I took my usual, post-examwalk earlier, after sunset, around Chinatown, up toward the Lowes and caught the afterglow light across the Common. Had to wear my wool winter jacket because it was rainy and nippy, the kind of cold that was just enough to weave one's breath into wispy strands with every heave of the chest. Times like these, I wish I had smoked. Something about it seems appropriate for this damp, monotone cityscape all around me. I walked pass the new Ritz Carlton hotel restaurant, with its dimly lit mahogany interior and glass tables perched on top of glowing bands of marble, backlit to highlight bejeweled simplicities, while svelte people posed behind half-tinted mirrors as they drank cosmos and popped nuts into their mouths. Casual glamour. Tonight, the sidewalk along the strip of the Ritz caught my eyes; something about the concrete they use and the kind of sand that, at night, reflected light to create the starry constelations beneath my feet. On this night, when everything was wet, it more than glittered. A fine diamond dusting lit my way.

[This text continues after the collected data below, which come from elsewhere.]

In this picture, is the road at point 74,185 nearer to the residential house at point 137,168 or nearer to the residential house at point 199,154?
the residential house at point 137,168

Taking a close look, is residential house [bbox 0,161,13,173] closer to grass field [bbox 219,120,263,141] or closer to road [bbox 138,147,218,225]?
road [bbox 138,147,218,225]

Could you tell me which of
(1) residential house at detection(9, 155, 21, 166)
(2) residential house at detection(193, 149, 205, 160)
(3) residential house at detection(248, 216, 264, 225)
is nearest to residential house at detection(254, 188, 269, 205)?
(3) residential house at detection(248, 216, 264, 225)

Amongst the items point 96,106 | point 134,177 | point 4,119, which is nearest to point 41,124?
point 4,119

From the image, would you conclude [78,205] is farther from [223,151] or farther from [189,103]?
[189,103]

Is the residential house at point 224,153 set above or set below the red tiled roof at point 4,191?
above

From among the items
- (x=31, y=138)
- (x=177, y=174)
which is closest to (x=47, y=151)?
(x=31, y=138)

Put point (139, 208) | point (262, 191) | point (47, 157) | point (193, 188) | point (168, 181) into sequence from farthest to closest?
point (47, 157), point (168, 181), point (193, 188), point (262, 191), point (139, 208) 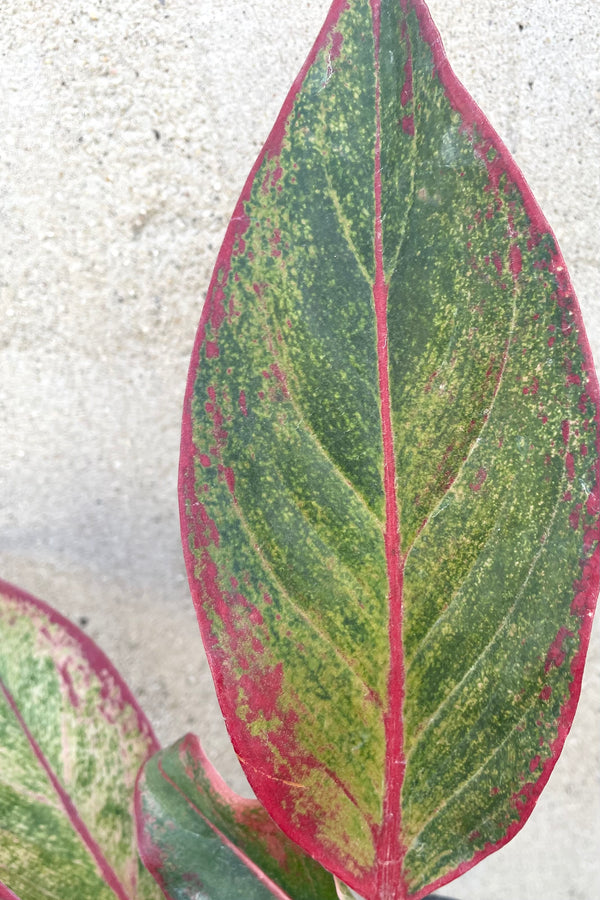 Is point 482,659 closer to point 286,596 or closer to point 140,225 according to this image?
point 286,596

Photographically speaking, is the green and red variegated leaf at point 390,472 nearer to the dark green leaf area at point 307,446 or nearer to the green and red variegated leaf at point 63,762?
the dark green leaf area at point 307,446

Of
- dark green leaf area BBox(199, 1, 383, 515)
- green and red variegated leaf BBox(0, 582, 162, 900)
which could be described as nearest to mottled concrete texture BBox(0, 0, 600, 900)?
green and red variegated leaf BBox(0, 582, 162, 900)

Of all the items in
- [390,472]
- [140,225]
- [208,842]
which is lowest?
[208,842]

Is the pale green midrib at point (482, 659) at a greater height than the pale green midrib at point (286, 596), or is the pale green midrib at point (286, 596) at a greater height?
the pale green midrib at point (286, 596)

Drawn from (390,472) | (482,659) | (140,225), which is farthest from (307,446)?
(140,225)

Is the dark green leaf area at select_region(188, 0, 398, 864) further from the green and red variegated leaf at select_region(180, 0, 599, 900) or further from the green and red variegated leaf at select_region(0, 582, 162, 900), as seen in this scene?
the green and red variegated leaf at select_region(0, 582, 162, 900)

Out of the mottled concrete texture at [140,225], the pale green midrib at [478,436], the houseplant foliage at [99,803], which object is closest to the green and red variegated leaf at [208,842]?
the houseplant foliage at [99,803] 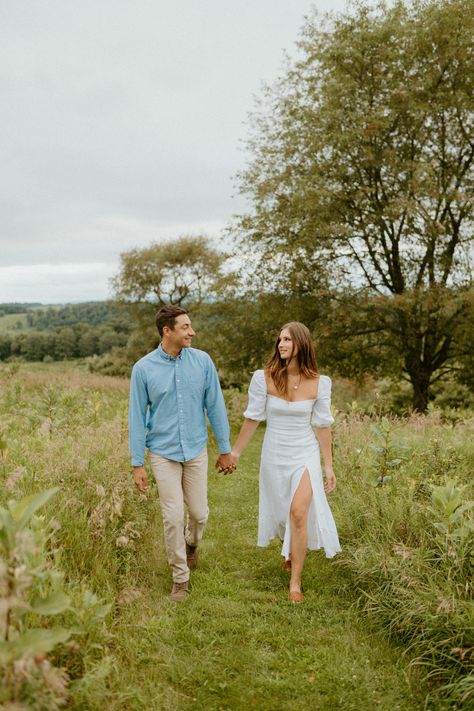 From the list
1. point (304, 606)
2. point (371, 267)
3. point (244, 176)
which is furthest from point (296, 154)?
point (304, 606)

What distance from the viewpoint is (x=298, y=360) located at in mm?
4801

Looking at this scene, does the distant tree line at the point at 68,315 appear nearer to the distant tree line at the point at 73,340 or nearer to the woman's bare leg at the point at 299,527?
the distant tree line at the point at 73,340

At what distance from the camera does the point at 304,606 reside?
4.40 m

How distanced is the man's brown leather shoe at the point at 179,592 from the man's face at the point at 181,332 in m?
1.93

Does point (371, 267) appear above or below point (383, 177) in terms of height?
below

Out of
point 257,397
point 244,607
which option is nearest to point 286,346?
point 257,397

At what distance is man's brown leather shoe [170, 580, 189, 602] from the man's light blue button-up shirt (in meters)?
0.99

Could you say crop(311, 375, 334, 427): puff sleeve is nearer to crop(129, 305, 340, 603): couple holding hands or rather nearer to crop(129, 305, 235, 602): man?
crop(129, 305, 340, 603): couple holding hands

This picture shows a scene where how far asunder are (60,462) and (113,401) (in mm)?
7803

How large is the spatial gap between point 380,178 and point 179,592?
12584mm

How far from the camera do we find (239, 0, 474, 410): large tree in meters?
13.2

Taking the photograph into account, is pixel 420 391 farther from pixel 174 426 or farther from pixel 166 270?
pixel 166 270

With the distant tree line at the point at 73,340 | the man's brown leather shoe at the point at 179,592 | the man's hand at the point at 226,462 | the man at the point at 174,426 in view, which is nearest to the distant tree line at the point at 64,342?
the distant tree line at the point at 73,340

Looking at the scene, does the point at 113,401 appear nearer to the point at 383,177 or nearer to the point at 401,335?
the point at 401,335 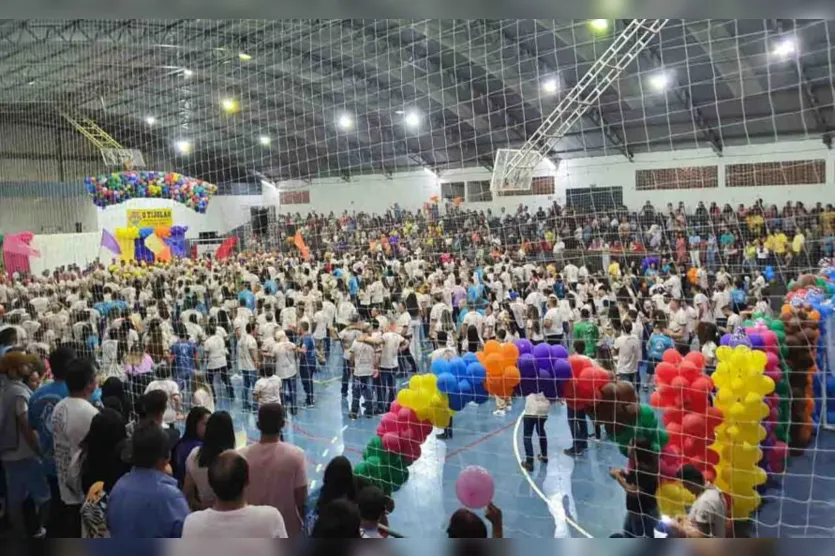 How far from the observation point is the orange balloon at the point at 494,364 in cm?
387

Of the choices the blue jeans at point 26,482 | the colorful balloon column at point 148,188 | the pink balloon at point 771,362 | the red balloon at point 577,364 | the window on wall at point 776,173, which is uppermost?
the colorful balloon column at point 148,188

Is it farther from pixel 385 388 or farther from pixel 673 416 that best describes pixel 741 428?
pixel 385 388

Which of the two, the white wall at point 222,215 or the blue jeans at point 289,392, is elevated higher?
the white wall at point 222,215

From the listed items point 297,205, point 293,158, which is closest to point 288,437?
point 293,158

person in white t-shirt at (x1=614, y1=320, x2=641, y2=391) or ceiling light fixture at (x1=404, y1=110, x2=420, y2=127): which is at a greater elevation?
ceiling light fixture at (x1=404, y1=110, x2=420, y2=127)

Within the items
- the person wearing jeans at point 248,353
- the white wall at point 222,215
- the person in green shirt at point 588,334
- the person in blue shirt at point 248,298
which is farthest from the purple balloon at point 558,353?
the white wall at point 222,215

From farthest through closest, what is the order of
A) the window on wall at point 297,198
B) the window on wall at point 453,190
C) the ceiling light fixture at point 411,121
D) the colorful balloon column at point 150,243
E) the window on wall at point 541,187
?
the window on wall at point 297,198, the window on wall at point 453,190, the window on wall at point 541,187, the colorful balloon column at point 150,243, the ceiling light fixture at point 411,121

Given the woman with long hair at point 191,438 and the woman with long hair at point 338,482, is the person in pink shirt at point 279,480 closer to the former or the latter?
the woman with long hair at point 338,482

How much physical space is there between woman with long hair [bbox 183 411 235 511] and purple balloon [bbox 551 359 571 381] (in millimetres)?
2009

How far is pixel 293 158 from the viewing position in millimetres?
15945

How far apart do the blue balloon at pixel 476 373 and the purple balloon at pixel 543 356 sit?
320 mm

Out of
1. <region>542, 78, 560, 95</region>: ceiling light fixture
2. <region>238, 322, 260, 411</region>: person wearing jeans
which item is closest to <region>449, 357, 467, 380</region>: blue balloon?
<region>238, 322, 260, 411</region>: person wearing jeans

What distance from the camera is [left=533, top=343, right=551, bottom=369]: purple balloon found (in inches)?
149

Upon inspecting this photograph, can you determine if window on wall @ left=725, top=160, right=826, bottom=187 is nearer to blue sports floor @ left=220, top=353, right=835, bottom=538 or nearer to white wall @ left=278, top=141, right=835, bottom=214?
white wall @ left=278, top=141, right=835, bottom=214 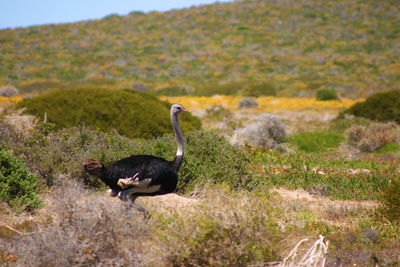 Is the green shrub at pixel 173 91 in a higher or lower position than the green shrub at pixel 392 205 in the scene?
lower

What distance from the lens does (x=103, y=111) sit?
12.2 meters

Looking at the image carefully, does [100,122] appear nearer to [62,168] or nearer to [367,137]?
[62,168]

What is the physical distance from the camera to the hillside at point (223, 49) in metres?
38.6

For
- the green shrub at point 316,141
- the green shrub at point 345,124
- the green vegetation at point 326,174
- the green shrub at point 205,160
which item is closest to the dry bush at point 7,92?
the green shrub at point 345,124

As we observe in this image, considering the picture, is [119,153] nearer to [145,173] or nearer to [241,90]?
[145,173]

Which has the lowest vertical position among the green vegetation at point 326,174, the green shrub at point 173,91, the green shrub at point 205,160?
the green shrub at point 173,91

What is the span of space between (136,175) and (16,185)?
2028 mm

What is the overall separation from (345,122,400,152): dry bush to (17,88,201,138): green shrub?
5.05 m

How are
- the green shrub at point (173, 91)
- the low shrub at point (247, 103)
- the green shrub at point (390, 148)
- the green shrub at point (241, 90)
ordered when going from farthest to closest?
1. the green shrub at point (173, 91)
2. the green shrub at point (241, 90)
3. the low shrub at point (247, 103)
4. the green shrub at point (390, 148)

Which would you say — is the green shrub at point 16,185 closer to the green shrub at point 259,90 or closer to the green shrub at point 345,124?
the green shrub at point 345,124

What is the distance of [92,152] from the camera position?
7625 mm

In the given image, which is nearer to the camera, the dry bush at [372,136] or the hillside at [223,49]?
the dry bush at [372,136]

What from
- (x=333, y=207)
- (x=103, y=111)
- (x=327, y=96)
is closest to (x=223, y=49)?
(x=327, y=96)

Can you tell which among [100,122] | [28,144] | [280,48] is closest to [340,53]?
[280,48] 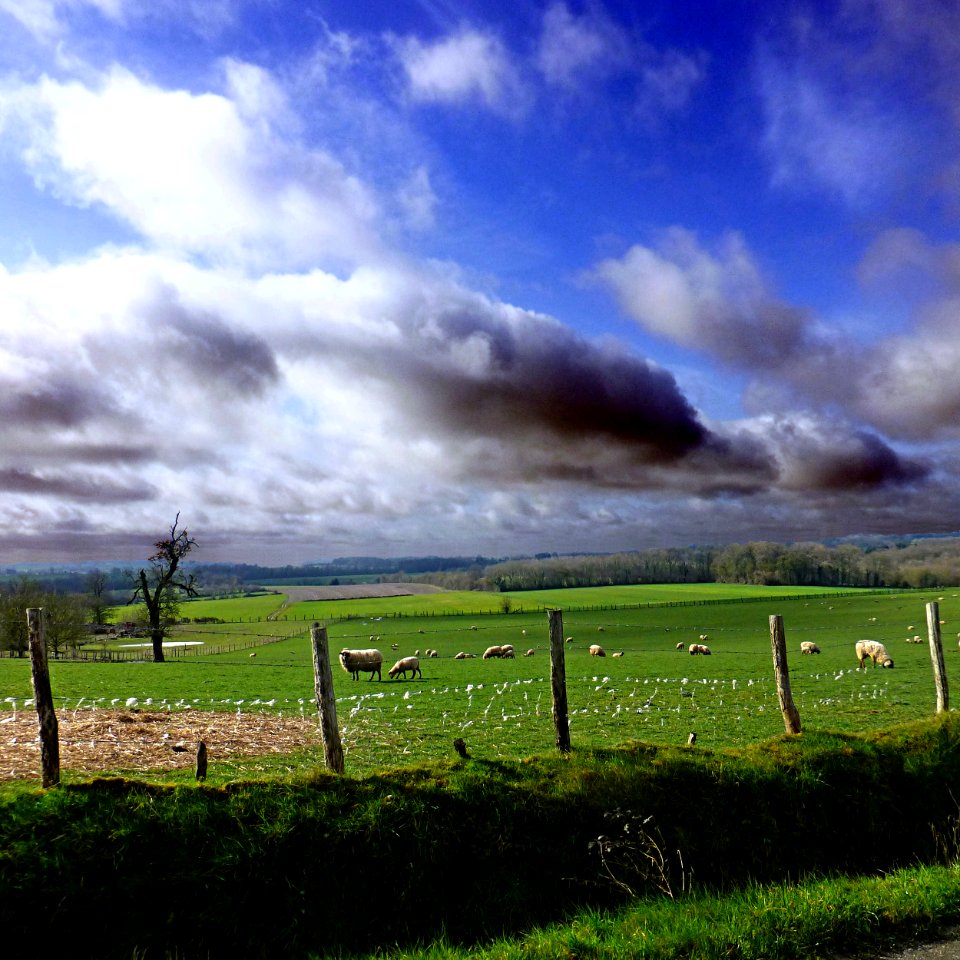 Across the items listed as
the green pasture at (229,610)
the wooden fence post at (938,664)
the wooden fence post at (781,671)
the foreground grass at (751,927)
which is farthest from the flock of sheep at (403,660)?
the green pasture at (229,610)

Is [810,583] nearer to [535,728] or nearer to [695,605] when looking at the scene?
[695,605]

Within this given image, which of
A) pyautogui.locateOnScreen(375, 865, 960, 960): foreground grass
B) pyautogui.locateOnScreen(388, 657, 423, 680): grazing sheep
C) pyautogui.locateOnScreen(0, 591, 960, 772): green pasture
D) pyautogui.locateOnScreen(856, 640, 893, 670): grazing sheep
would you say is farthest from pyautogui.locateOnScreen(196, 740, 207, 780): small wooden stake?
pyautogui.locateOnScreen(856, 640, 893, 670): grazing sheep

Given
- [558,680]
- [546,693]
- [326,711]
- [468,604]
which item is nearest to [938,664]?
[558,680]

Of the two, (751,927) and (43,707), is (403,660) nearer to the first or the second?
(43,707)

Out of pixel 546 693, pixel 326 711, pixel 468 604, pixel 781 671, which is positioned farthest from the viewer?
pixel 468 604

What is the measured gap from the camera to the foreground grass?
257 inches

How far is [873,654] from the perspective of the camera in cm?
4003

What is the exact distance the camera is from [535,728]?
2028 centimetres

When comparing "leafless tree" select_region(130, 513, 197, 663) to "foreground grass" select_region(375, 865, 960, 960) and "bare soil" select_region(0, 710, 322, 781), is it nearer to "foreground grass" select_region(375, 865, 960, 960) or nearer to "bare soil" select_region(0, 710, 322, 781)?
"bare soil" select_region(0, 710, 322, 781)

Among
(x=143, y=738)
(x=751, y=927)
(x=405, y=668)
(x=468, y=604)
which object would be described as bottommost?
(x=468, y=604)

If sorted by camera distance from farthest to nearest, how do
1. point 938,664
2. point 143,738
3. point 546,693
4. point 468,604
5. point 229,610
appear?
point 229,610 → point 468,604 → point 546,693 → point 143,738 → point 938,664

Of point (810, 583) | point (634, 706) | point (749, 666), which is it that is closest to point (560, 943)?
point (634, 706)

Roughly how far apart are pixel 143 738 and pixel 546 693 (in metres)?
16.6

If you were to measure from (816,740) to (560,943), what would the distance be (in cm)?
667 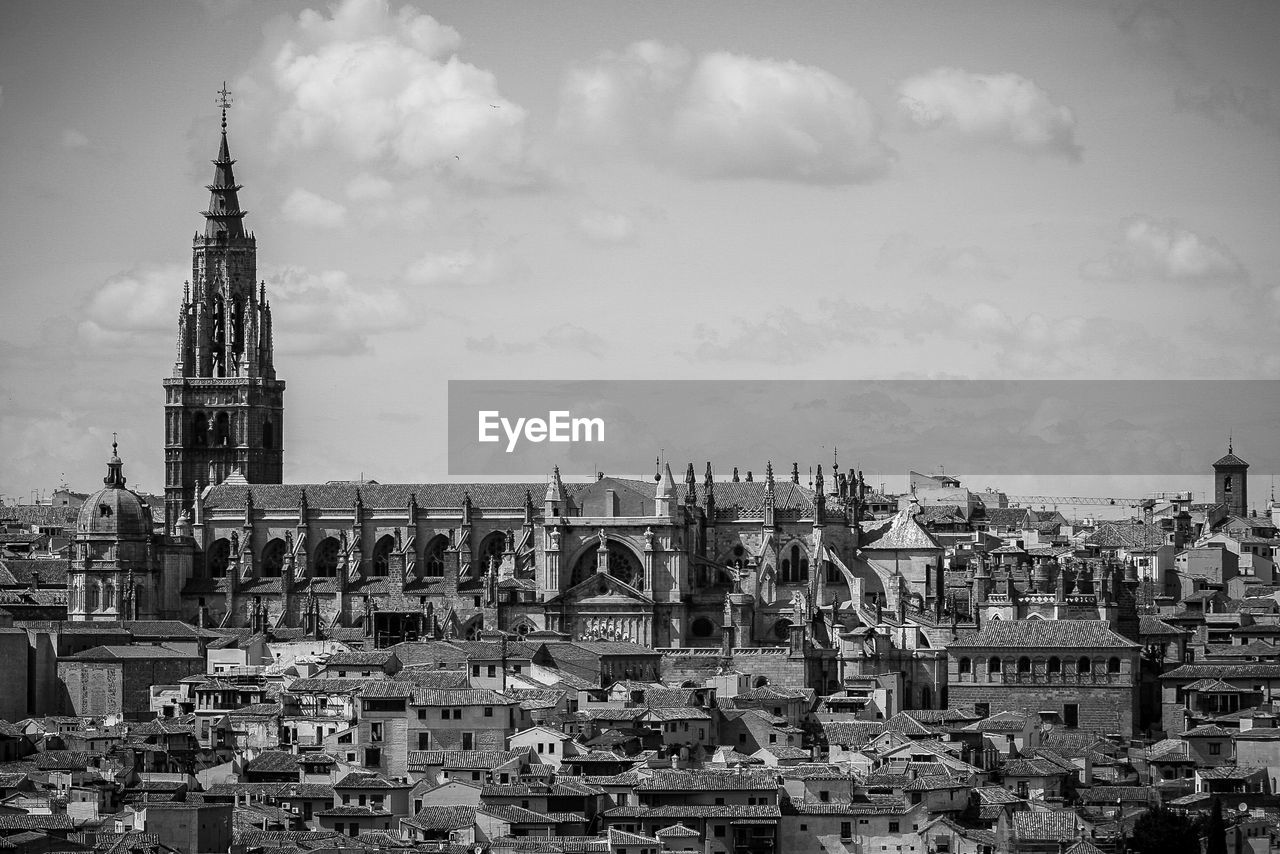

People in Chinatown always stare at me. Maybe because I stare back with the same glazed, overcast eyes. I don't know. Cooks from little restaurants the size of matchboxes tend to spill out onto sidewalks around 7:00 pm to steal smokes. I see them, but then again, I don't. Their gawkish looks and manners often fade into the muddy browns and reds of Chinatown, as nondescript as any one of those blinking neon signs and greasy windowfronts that line these streets. They hang around dumpsters, never too far away from those unmarked doors cracked ajar and held in place by an old newspaper, or a shoe. I follow the lights.